According to the documentation we first have to initialize our hidden markov model

hmm = initHMM(c("A","B"), c("L","R"), transProbs=matrix(c(.8,.2,.2,.8),2),
              emissionProbs=matrix(c(.6,.4,.4,.6),2)

This means that states are named "A" and "B" emissions are named "L" and "R" we have transmission and emission probabilities as well.

So far so good, but now the tutorial creates the list of observations:

observations = sample(c("L","R"),prob=c(.8,.2),size=100,replace=TRUE)

this is a one dimensional vector as a list of observations. According to description from Rabiner's classic paper that Forward and Backward probabilities are calculated on a sequence of observations such as the variable observations in the above code. i.e. We need a matrix of such observations in order to even remotely train anything. How do I do that here?

EDIT:

In the example above the emissions are "L" and "R". An obesevation sequence O should be created with those emissions. e.g. O = LRRRLLLRR, etc. suppose length is t

An observation of this sort is used in the forward algorithm which given a full markov model and an observation sequence O will generate a matrix of dimensions n x t where n is the number of states in our HMM the i j _th element of such a matrix is interpreted as "being at time j, having generated the first j elements of observational sequence and being in state i".

Now forward as well as backward and several other algorithms are used in the Baum-Welch training algorithms.

I believe that the input to Baum-Welch should a a list of observational sequences and NOT a list of emissions. In my version the dimensions of the matrix input should be t times m where t is the length of observational sequence and m is the number of such sequences.

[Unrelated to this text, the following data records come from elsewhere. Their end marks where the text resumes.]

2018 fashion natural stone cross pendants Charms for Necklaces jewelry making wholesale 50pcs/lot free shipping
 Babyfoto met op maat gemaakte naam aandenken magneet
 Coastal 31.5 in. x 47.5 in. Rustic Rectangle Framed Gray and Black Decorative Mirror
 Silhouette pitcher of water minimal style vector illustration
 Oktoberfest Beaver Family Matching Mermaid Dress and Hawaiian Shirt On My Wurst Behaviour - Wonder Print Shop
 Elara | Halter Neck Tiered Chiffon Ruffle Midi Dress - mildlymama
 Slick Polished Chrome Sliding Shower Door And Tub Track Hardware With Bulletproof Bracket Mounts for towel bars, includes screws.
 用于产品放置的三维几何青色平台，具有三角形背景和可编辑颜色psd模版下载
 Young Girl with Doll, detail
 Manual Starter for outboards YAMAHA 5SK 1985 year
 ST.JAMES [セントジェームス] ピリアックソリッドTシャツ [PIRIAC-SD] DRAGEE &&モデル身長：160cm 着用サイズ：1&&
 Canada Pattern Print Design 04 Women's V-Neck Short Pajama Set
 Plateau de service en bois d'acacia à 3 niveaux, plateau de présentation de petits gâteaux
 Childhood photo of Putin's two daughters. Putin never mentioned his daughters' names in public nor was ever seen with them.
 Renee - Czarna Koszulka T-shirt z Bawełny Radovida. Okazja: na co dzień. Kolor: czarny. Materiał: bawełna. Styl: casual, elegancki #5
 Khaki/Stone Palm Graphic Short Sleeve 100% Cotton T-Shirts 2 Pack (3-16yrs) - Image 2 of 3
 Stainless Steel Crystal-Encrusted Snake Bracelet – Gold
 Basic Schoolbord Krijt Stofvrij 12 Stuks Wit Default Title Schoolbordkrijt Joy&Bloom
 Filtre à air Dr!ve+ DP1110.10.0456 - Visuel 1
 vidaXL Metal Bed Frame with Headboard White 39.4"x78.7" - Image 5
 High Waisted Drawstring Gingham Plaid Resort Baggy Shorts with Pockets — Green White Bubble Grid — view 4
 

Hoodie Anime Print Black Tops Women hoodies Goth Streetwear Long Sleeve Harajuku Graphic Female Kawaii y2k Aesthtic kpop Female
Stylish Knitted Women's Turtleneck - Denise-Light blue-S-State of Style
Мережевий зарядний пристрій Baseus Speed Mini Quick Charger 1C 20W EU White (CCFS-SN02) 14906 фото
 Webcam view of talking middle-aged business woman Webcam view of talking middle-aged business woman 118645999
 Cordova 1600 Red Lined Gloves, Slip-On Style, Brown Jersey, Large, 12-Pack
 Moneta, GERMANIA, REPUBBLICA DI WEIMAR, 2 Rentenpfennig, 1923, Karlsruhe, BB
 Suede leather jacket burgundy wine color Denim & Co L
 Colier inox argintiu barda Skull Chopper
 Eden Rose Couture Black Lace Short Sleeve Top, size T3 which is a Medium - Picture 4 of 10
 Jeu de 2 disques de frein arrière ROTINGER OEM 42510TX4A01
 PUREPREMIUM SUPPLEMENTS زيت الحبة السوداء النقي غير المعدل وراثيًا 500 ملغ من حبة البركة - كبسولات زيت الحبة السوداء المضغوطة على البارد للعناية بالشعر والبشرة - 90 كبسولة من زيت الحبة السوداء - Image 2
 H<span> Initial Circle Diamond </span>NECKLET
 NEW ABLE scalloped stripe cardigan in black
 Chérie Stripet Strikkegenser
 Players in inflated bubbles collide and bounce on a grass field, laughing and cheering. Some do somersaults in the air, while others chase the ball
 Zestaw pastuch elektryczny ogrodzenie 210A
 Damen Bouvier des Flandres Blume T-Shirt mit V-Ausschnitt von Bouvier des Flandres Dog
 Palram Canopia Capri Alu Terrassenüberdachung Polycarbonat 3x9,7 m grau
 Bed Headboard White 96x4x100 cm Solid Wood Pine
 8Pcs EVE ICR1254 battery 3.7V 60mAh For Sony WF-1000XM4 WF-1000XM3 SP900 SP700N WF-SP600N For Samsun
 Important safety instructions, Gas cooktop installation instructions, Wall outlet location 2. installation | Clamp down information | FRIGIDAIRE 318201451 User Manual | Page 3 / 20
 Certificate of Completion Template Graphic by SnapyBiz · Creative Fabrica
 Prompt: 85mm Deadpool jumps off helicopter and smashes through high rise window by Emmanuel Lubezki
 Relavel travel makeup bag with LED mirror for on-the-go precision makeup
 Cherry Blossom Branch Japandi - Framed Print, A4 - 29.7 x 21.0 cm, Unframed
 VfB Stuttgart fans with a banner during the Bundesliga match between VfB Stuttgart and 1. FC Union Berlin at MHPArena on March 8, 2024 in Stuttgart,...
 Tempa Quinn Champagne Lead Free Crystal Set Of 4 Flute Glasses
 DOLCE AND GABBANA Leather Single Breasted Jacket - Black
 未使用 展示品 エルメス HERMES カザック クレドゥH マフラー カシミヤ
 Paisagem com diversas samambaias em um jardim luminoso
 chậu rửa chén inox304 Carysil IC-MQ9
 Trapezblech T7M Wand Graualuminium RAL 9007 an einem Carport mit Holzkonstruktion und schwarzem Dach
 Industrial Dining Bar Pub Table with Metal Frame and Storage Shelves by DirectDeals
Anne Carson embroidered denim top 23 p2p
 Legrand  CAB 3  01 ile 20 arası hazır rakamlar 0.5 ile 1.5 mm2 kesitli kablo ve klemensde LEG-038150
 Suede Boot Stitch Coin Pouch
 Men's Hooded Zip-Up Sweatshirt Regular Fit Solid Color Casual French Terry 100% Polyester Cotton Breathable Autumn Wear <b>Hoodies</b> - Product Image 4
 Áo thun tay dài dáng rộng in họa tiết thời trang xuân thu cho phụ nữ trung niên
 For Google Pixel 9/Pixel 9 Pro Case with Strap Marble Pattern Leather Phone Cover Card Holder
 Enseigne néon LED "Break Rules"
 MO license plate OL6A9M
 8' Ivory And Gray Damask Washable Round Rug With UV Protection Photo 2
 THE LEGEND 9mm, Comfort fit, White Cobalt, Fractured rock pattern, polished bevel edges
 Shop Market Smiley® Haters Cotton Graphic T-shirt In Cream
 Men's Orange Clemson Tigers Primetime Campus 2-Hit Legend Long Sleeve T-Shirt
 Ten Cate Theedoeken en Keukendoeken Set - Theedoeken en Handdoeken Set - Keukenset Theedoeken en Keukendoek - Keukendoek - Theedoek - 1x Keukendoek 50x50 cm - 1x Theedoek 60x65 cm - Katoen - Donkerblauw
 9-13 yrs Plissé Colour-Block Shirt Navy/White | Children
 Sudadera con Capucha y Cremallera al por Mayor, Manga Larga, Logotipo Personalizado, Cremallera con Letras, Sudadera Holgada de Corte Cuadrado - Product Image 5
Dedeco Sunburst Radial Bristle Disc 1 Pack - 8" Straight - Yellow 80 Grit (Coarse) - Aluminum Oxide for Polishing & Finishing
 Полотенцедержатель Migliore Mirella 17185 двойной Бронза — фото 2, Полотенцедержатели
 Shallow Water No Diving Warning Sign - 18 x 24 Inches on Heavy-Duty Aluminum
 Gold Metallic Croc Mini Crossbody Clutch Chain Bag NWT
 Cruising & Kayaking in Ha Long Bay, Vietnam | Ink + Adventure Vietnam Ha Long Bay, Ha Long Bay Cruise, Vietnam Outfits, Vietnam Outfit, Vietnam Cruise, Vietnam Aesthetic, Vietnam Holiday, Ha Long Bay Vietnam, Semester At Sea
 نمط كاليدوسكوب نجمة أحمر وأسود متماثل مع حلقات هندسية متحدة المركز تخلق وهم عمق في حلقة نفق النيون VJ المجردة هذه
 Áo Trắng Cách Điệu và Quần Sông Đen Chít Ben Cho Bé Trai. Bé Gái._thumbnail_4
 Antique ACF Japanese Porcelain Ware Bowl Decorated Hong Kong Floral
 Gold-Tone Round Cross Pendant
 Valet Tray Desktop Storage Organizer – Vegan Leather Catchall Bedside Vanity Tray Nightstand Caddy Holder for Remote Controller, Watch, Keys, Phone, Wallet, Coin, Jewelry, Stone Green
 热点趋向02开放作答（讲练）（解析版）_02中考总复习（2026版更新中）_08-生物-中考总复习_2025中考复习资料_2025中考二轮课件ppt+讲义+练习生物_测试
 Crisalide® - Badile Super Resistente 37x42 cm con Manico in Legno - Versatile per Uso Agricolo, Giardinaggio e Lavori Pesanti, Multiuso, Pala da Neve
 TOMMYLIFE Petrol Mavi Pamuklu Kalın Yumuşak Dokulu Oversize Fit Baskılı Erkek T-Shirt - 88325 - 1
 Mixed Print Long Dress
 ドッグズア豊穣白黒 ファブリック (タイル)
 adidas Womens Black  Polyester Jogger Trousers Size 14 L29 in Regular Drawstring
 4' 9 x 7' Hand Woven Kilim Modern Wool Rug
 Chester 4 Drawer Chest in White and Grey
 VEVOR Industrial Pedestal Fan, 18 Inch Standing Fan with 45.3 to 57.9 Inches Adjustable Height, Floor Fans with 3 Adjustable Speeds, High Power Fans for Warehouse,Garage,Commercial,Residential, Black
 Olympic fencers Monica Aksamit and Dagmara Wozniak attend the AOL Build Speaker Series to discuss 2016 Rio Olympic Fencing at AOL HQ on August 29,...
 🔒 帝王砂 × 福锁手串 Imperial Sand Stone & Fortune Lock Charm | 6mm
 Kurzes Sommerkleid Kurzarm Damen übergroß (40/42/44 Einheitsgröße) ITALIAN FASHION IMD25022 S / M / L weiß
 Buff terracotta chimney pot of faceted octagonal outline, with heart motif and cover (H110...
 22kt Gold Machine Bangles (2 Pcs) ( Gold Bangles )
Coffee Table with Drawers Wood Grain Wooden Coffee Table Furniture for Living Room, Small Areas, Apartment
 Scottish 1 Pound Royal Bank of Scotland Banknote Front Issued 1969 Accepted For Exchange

How do I understand the input here? is it that we have a hundred observational sequences of length 1? How do I provide such a matrix to baumWelch method in HMM

2
If you don't understand the principles of statistical methods, you should probably ask at Cross Validated or Data Science. This really isn't a specific programming question that's appropriate for Stack Overflow. - MrFlick
I understand the principles, In fact I should have rephrased it better it's not that I think that the observations should be a matrix, It is an immutable fact that it should be. What I am asking here is whether anyone has worked with the package, and can clarify how to understand this particular example and how to code the correct thing. - Vahagn Tumanyan
It still isn't clear to me what exactly your question is. You don't understand why they create vector of observations rather than a matrix? What would the dimensions of your expected matrix be and what would it's contents be? What part of the documentation are you referring to exactly? - MrFlick
Yes, I don't understand why have a vector of emissions and not a vector of vectors each of which is a vector of observations. - Vahagn Tumanyan

2 Answers

1
votes

As I understand it the baumWelch function in the HMM package only accepts a single sequence of observations as its secondary argument. If your training data consists of more than one sequence you could try the aphid package, which supports both Baum Welch and Viterbi model training with multiple-sequence lists. Disclaimer: I authored the package, partly because I was running into the same issues.

0
votes

Although asked a while ago, I found this question when I was confused by the same thing.

Quoting Ghahramani from An Intoduction to Hidden Markov Models and Bayesian Networks page 7:

"If the observation vector includes all the variables in the Bayesian Network than each term in the loglikelihood function further factors as..." see equation here

Essentially from what I understand because each node in the network only depends on it's parent you don't need to separate out the training vectors into a matrix and can use one full training vector instead. I suppose the only issue would be at the beginning of a new training vector, but you can overcome this by creating a special start state "*" which is always the first state in a new sequence.